What you will do –
Give the records again. Keep them exact and leave out the images.

### Stored data ###

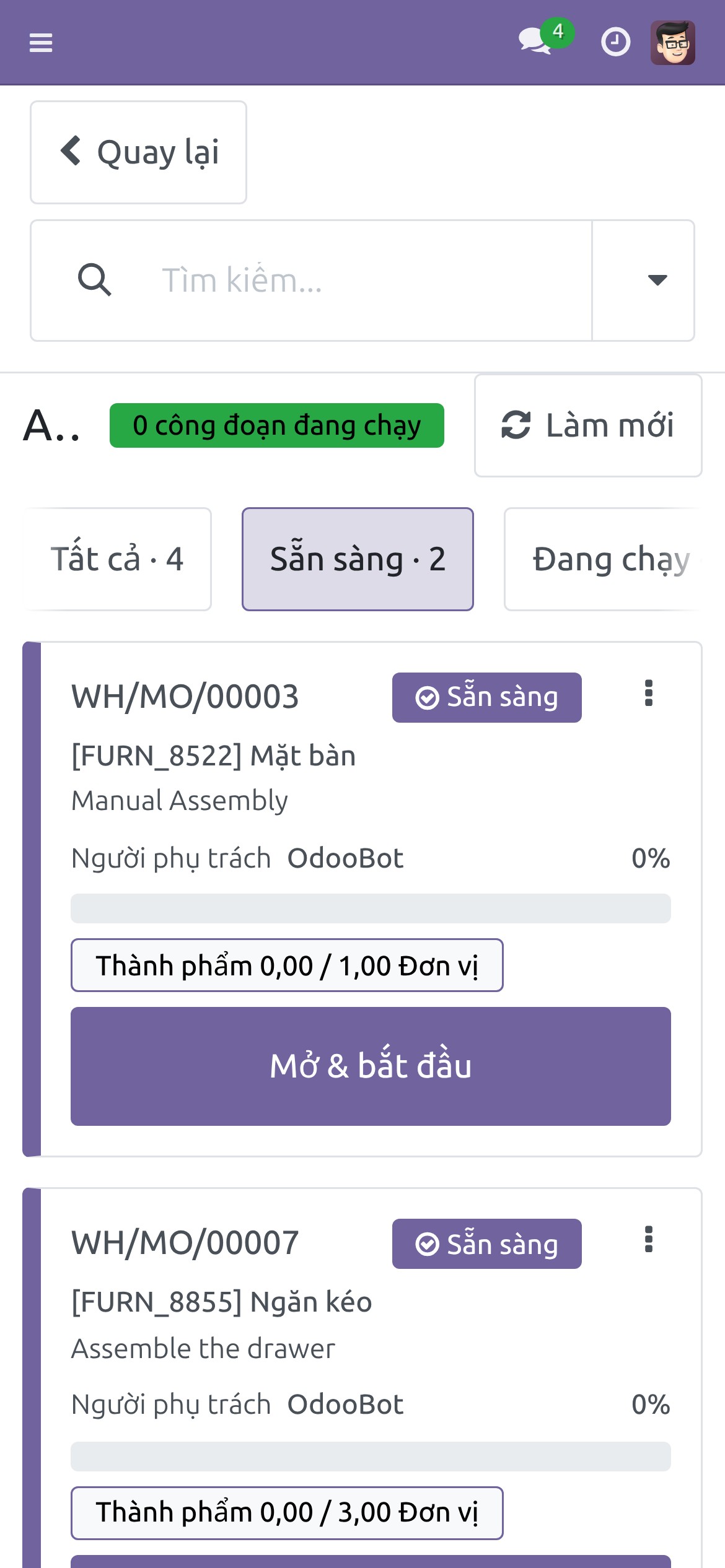 Bảng công việc của trung tâm sản xuất Assembly 1 trên điện thoại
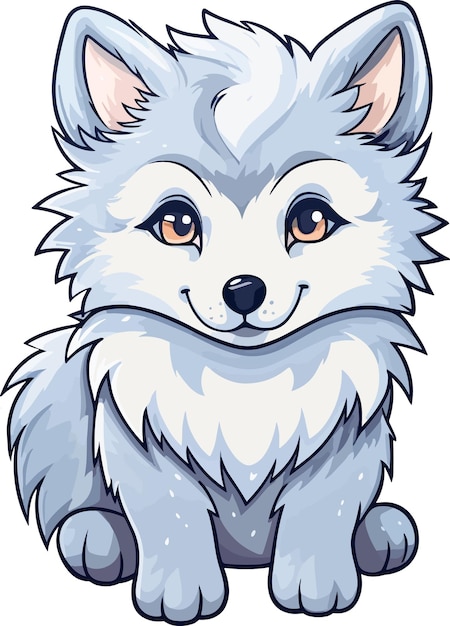 vectorillustratie kawaii Wolf cartoon sticker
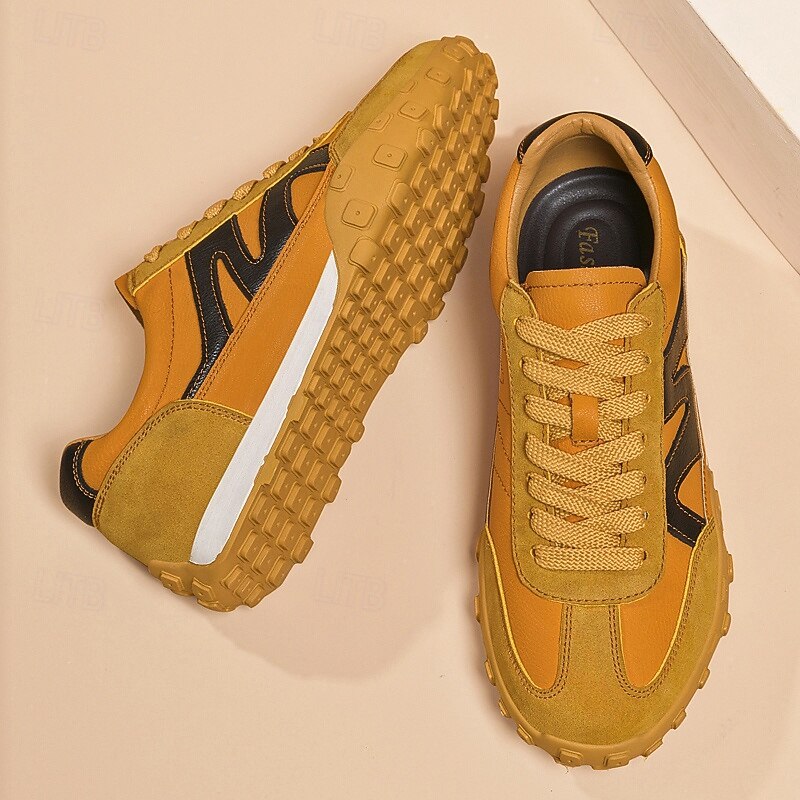 Men's Faux Leather Lace-Up Sneakers Retro Outdoor Sport Shoes – Comfortable Walking, Training and Casual Style2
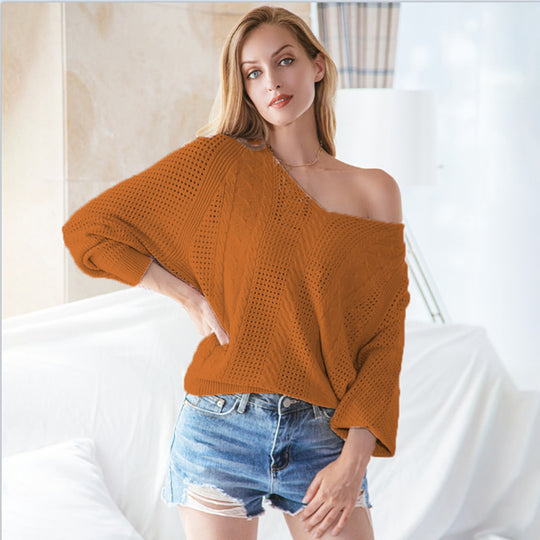 Damen Strickpullover mit modischem Lochmuster und oversized Schnitt EB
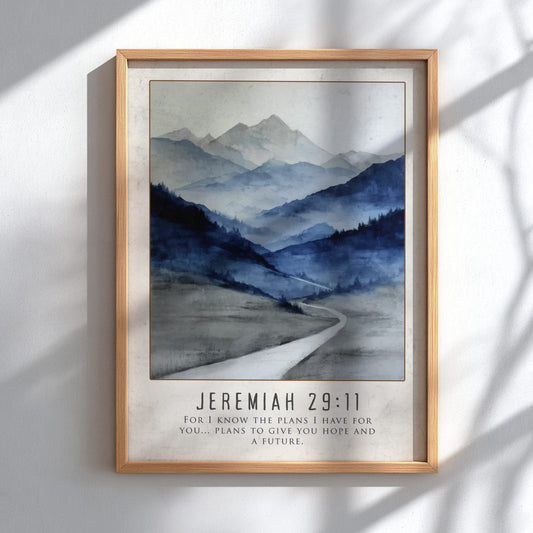 Jeremiah 29:11 Scripture Print - Hope and a Future Wall Art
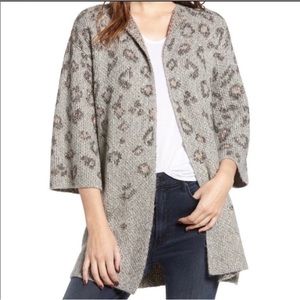 NWT Cupcakes & Cashmere Grey Kline Tonal Leopard Cardigan Sweater M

###

Task result –
 Bảng công việc của trung tâm sản xuất Assembly 1 trên điện thoại
 vectorillustratie kawaii Wolf cartoon sticker
 Men's Faux Leather Lace-Up Sneakers Retro Outdoor Sport Shoes – Comfortable Walking, Training and Casual Style2
 Damen Strickpullover mit modischem Lochmuster und oversized Schnitt EB
 Jeremiah 29:11 Scripture Print - Hope and a Future Wall Art
 NWT Cupcakes & Cashmere Grey Kline Tonal Leopard Cardigan Sweater M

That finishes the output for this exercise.